The problem I’m having with the health care reform debate is that too many people are behaving as if it was 1993; and too many people are making a political football out of an essential service that gives Americans the best shot at the right to life, liberty and the pursuit of happiness. The request to slow down the process is a dodge to give the health care reform opponents time to sharpen their knives. Perhaps in their minds there are no risks involved in picking apart a cadaver.

The unspoken word at the center of this debate is “profit.” But to be fair to the debate, here’s the Patients’ Choice Act introduced by Republican Senators Tom Coburn (R-OK) and Richard Burr (R-NC), and Reprentative Paul Ryan (R-WI) in May. It states in 15 pages goals, purpose, philosophy, and even mentions “markets.” The PCA even suggests bringing in “models used by the financial services industry….like an ATM card” to access insurance and medical history records from an “independent” source.

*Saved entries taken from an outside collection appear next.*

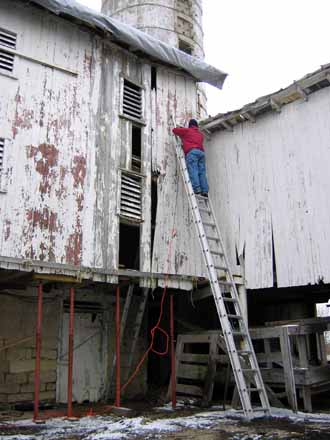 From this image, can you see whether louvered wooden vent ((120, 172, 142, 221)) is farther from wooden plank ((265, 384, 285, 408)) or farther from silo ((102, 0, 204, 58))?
silo ((102, 0, 204, 58))

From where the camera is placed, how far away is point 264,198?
35.5 feet

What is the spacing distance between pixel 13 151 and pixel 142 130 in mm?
3480

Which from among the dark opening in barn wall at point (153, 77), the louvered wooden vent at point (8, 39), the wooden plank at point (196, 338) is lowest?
the wooden plank at point (196, 338)

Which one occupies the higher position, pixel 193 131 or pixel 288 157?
pixel 193 131

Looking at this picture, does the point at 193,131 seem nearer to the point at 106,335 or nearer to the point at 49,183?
the point at 49,183

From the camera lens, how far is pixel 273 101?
10.6 metres

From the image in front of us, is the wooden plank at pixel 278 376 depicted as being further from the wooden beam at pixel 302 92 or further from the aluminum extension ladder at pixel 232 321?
the wooden beam at pixel 302 92

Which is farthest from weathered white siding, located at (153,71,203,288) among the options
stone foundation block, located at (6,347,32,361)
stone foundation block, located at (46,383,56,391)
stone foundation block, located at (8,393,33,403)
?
stone foundation block, located at (8,393,33,403)

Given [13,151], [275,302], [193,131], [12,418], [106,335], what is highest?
[193,131]

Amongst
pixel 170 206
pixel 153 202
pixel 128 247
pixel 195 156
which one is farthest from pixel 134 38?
pixel 128 247

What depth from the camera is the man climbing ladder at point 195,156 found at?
35.6 ft

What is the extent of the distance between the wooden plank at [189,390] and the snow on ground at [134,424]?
1382 millimetres

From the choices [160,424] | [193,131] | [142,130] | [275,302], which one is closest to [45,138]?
[142,130]

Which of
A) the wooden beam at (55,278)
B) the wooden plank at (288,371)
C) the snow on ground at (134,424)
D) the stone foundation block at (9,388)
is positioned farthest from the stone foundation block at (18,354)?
the wooden plank at (288,371) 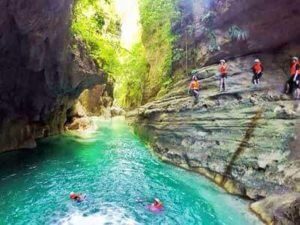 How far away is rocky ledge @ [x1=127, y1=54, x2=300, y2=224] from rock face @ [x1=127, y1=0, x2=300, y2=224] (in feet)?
0.17

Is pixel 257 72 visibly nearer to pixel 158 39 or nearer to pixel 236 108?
pixel 236 108

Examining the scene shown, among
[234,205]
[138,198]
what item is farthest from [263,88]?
[138,198]

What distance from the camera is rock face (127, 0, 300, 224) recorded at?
16312 millimetres

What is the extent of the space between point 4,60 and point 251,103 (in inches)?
564

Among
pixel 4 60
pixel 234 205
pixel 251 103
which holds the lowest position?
pixel 234 205

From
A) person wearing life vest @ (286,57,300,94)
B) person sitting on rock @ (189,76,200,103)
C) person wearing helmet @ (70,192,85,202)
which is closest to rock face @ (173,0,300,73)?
person sitting on rock @ (189,76,200,103)

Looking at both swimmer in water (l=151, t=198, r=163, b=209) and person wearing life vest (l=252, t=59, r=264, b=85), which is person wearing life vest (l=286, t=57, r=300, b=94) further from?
swimmer in water (l=151, t=198, r=163, b=209)

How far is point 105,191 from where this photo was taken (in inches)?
657

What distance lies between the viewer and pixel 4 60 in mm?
21359

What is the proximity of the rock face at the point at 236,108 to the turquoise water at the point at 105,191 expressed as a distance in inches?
51.5

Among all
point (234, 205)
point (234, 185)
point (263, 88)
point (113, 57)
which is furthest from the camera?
point (113, 57)

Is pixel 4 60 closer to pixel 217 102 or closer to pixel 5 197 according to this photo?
pixel 5 197

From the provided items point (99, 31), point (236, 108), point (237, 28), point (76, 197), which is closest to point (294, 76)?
point (236, 108)

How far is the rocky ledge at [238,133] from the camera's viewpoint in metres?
15.6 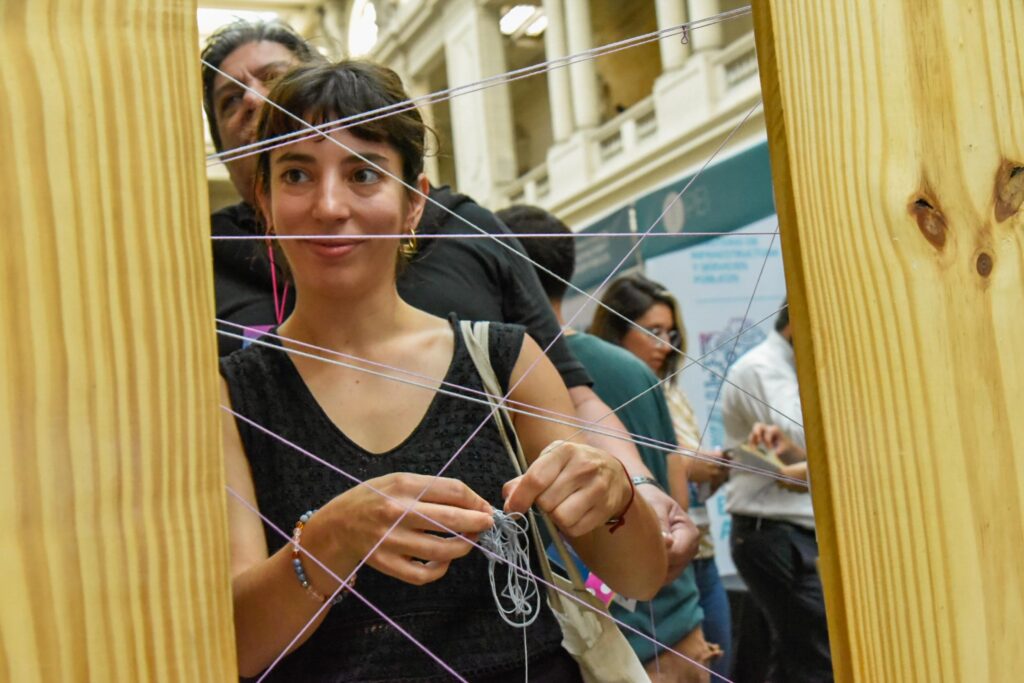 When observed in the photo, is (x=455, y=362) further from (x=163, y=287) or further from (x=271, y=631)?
(x=163, y=287)

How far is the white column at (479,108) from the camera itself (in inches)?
324

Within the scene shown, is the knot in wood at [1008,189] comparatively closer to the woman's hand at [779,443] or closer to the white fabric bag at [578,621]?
the white fabric bag at [578,621]

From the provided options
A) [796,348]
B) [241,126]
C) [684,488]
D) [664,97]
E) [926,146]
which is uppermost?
[664,97]

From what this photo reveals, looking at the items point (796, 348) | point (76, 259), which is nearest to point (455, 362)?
point (796, 348)

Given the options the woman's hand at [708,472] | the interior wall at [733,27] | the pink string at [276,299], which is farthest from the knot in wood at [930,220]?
the interior wall at [733,27]

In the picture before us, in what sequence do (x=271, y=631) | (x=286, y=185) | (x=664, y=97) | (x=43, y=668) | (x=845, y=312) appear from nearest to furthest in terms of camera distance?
(x=43, y=668)
(x=845, y=312)
(x=271, y=631)
(x=286, y=185)
(x=664, y=97)

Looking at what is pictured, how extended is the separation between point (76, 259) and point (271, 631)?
331mm

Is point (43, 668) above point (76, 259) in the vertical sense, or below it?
below

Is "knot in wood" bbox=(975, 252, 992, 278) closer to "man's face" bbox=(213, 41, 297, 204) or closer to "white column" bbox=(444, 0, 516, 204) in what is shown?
"man's face" bbox=(213, 41, 297, 204)

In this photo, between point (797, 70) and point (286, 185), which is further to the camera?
point (286, 185)

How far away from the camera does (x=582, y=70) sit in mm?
7855

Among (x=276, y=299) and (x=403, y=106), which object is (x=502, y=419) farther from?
(x=276, y=299)

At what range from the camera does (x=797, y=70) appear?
1.98 ft

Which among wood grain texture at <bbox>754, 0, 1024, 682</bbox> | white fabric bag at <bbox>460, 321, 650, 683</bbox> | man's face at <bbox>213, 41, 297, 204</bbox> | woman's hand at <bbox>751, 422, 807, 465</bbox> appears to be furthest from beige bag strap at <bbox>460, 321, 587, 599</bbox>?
woman's hand at <bbox>751, 422, 807, 465</bbox> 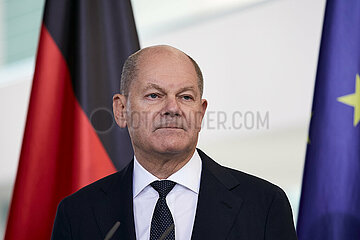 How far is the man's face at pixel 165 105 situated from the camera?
1.47 m

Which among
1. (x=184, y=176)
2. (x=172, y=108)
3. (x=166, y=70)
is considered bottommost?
(x=184, y=176)

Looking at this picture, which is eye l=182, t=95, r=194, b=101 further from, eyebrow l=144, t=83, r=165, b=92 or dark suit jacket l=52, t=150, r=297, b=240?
dark suit jacket l=52, t=150, r=297, b=240

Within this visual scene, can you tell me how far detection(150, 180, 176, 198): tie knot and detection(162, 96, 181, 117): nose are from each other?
189mm

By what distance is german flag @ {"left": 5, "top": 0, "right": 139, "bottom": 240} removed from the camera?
217 cm

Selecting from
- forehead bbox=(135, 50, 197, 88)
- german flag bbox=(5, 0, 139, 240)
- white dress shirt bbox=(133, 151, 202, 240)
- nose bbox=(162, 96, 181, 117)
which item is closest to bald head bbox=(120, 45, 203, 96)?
forehead bbox=(135, 50, 197, 88)

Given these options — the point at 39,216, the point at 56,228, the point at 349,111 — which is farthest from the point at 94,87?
the point at 349,111

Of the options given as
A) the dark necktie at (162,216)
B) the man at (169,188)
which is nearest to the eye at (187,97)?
the man at (169,188)

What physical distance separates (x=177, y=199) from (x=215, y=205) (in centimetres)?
11

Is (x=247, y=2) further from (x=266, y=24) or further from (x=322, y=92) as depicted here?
(x=322, y=92)

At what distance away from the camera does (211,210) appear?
1.44 meters

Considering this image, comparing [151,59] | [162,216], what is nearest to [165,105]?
[151,59]

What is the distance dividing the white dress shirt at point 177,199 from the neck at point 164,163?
0.01 metres

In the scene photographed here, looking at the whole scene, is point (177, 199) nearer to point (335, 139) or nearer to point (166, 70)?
point (166, 70)

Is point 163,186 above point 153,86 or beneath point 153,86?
beneath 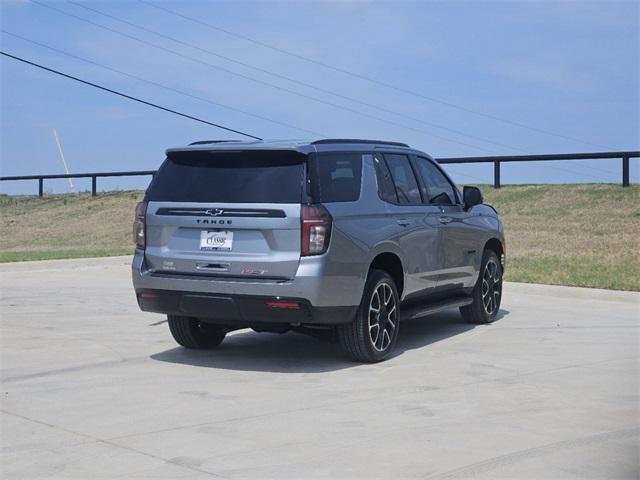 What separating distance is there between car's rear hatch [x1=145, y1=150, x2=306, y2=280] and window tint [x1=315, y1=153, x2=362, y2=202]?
22 centimetres

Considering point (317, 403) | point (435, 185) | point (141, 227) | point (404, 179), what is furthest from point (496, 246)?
point (317, 403)

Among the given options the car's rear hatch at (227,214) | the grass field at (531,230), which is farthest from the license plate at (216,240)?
the grass field at (531,230)

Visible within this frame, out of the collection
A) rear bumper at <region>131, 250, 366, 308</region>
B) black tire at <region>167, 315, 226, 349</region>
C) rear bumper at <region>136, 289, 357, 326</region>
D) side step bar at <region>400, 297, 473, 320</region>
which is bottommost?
black tire at <region>167, 315, 226, 349</region>

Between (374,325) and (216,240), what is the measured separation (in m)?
1.61

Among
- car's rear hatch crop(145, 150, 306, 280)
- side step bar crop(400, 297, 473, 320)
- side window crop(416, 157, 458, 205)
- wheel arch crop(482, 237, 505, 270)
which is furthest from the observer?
wheel arch crop(482, 237, 505, 270)

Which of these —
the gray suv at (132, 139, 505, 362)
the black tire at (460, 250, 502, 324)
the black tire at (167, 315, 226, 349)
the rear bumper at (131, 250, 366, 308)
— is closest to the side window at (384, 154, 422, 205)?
the gray suv at (132, 139, 505, 362)

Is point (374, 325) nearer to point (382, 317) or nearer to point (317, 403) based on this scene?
point (382, 317)

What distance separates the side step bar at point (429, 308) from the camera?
33.9 feet

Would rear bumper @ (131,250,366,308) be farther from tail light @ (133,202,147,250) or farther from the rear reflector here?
tail light @ (133,202,147,250)

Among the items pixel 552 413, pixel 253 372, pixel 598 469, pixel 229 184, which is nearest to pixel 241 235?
pixel 229 184

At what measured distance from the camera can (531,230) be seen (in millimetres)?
24375

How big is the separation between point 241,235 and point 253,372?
1158mm

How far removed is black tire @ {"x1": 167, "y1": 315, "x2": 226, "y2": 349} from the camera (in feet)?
33.0

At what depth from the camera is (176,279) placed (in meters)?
9.22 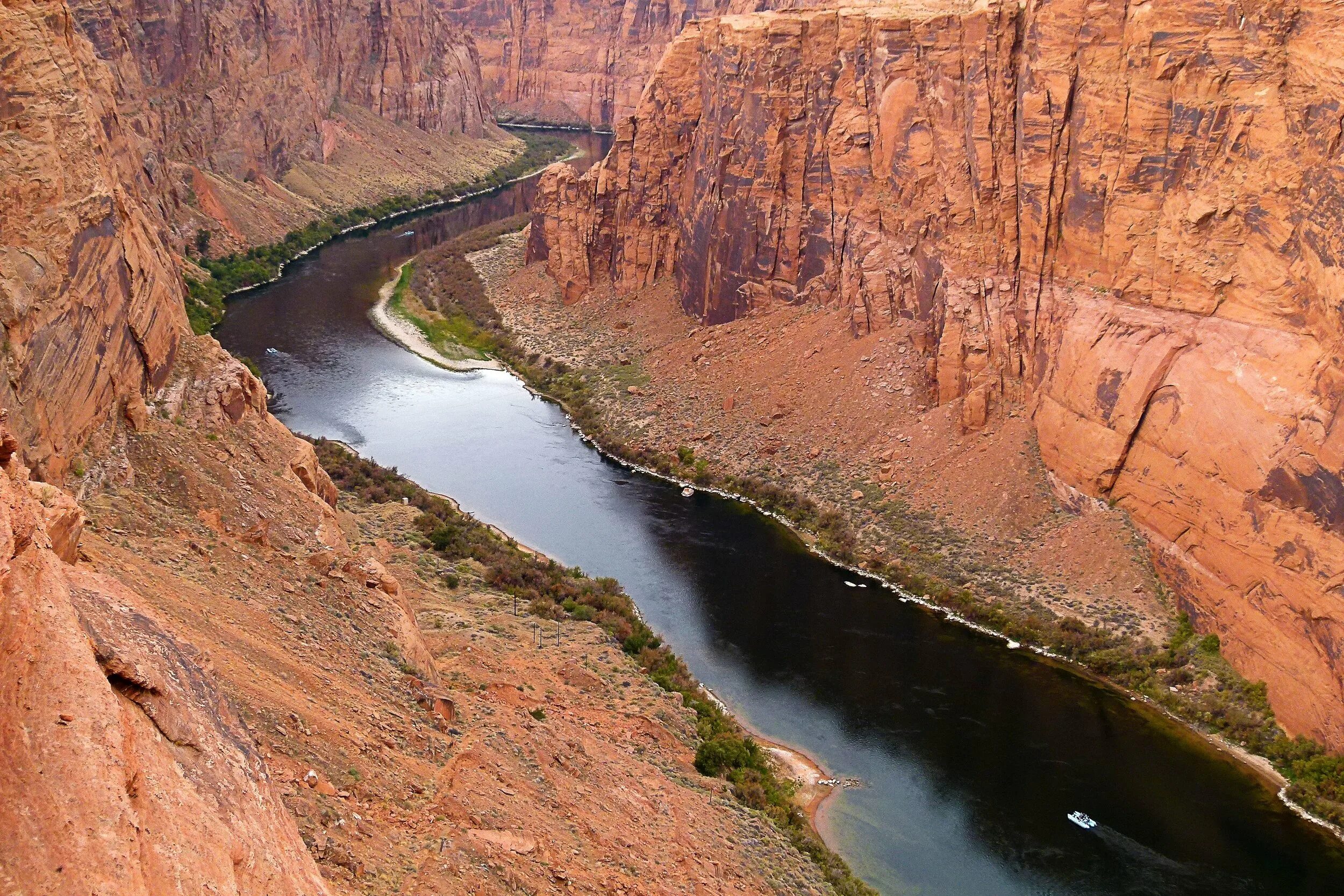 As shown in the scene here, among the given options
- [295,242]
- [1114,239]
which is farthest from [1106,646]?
[295,242]

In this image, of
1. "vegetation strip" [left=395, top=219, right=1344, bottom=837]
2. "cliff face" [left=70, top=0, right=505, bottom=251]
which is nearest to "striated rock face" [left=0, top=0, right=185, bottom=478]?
"vegetation strip" [left=395, top=219, right=1344, bottom=837]

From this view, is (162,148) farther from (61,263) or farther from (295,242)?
(61,263)

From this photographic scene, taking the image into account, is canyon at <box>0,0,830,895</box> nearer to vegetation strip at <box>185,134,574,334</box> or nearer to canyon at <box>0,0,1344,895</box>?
canyon at <box>0,0,1344,895</box>

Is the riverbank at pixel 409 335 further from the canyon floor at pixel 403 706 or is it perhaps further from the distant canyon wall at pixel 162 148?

The health care industry has taken a cue from Wall Street and like the Street these profit-driven communities are difficult for government to tame with so many interests at stake, private and political. There’s a lot of cash passing hands. Even I’ve gotten a hot stock tip or two based on the introduction of new meds. Or is this about the rising debt? I get confused in this debate.

As someone pointed out $1 trillion dollars is only half of what was spent on not finding the weapons of mass destruction in Iraq.

“No” is not going to go down very well with the public this time. The stakes are waaaay too high and the negligence by lawmakers has gone on for too long.

Nobel laureate, economist and NY Times columnist Paul Krugman doesn’t want this one to go down without some accountability attached to it:
If the Gang of Six really does kill reform, remember their names; they will bear the responsibility for vast, unnecessary suffering over the years to come.

And they are Democratic Senators Ben Nelson (NE), Mary Landrieu (LA) and Ron Wyden (OR), Independent Joe Lieberman (CT), and Republican Sens. Olympia Snowe and Susan Collins of ME.

Update: Nate Silver of has posted another health care reform proposal from Senator Ron Wynden (D-OR) — The Healthy Americans Act or HAA. [Hawaiians may read someting life affirming in the acronymn.] The 2-page document has goals, philsophy and responsibilities spelled out. And according to Nate, HAA has bipartisan support. Even Nate’s a fan.